Ayatollah Ali Khamenei
Ayatollah Ali KhameneiAFP photo

While Iran has been buckling under the sanctions that have been crippling its economy, the country’s supreme leader is apparently enjoying the billions he has in the bank.

The Reuters news agency exposed on Monday that supreme leader Ayatollah Ali Khamenei controls a business empire worth around $95 billion, a sum exceeding the value of his nation’s current annual petroleum exports.

The little-known organization, called Setad, is one of the keys to the Iranian leader’s enduring power and now holds stakes in nearly every sector of Iranian industry, according to Reuters. These include the finance, oil, telecommunications, and even ostrich farming sectors, among others.

The company has essentially built its empire on the systematic seizure of thousands of properties belonging to ordinary Iranians, including members of religious minorities, Shiite Muslims, business people and Iranians living abroad, according to the report.

According to the news agency’s investigation, Setad has amassed a giant portfolio of real estate by claiming in Iranian courts, sometimes falsely, that the properties are abandoned.

The organization now holds a court-ordered monopoly on taking property in the name of the supreme leader, and regularly sells the seized properties at auction or seeks to extract payments from the original owners.

Reuters reporters identified nearly 300 properties that Setad put up for auction in May alone, many worth millions of dollars.

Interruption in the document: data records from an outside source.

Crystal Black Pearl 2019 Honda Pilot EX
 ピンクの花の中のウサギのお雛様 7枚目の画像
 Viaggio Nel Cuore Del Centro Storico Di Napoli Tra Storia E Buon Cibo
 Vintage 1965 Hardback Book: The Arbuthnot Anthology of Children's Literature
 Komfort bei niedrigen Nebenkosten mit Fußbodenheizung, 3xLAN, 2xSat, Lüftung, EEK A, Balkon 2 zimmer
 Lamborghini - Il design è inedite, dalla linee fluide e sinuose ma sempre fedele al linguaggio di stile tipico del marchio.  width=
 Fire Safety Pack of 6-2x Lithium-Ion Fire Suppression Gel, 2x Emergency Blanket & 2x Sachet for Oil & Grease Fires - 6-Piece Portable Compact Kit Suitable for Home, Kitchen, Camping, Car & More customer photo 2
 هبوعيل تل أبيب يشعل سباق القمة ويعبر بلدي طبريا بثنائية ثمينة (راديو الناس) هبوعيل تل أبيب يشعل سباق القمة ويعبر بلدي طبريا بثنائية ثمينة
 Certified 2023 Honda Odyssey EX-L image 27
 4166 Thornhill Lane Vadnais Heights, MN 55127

The organization’s full name in Persian is “Setad Ejraiye Farmane Hazrate Emam”, translated as Headquarters for Executing the Order of the Imam. The name refers to an edict signed by the Islamic Republic’s first leader, Ayatollah Ruhollah Khomeini, shortly before his death in 1989.

His order spawned an entity intended to manage and sell properties abandoned in the chaotic years after the 1979 Islamic Revolution.

According to one of its co-founders, Setad was created to help the poor and war veterans and was meant to exist for just two years.

Since that time, Reuters discovered, Setad has morphed into a business juggernaut with real estate, corporate stakes and other assets. While Setad controls a charitable foundation, it’s not clear how much money goes to charity.

In June, the U.S. Treasury Department imposed sanctions on Setad and some of its corporate holdings, calling the organization “a massive network of front companies hiding assets on behalf of ... Iran’s leadership.”

Setad’s director general of public relations, Hamid Vaezi, told Reuters by email in that the information presented is “far from realities and is not correct,” but would not go into specifics.

The news agency has estimated Setad’s total worth at around $95 billion, made up of about $52 billion in real estate and $43 billion in corporate holdings.

Over the past few years, Iran has been slapped by the West by several rounds of sanctions over its nuclear program.

The sanctions have been blamed for slashing Iran’s oil exports and undermining the value of the rial. The value of the rial has fallen by more than half since the beginning of last year as Iran. Several months ago the Iranian currency plummeted to an all-time low.

Khamenei came to power in 1989, following Khomeini’s death. He has been a fierce critic of Israel, inciting to violence against the Jewish state. In a speech last year, Khamenei called Israelis “ferocious Zionist wolves who digest the Palestinian people.”

Khamenei has also been critical of Western states negotiating with his country over its nuclear program. He has warned that Washington was "not trustworthy", after former U.S. officials and lawmakers urged diplomacy with President Hassan Rouhani.

Israel has pointed out that no matter what moderate statements Rouhani makes, it is Khamenei who makes the final decision on Iran’s nuclear program.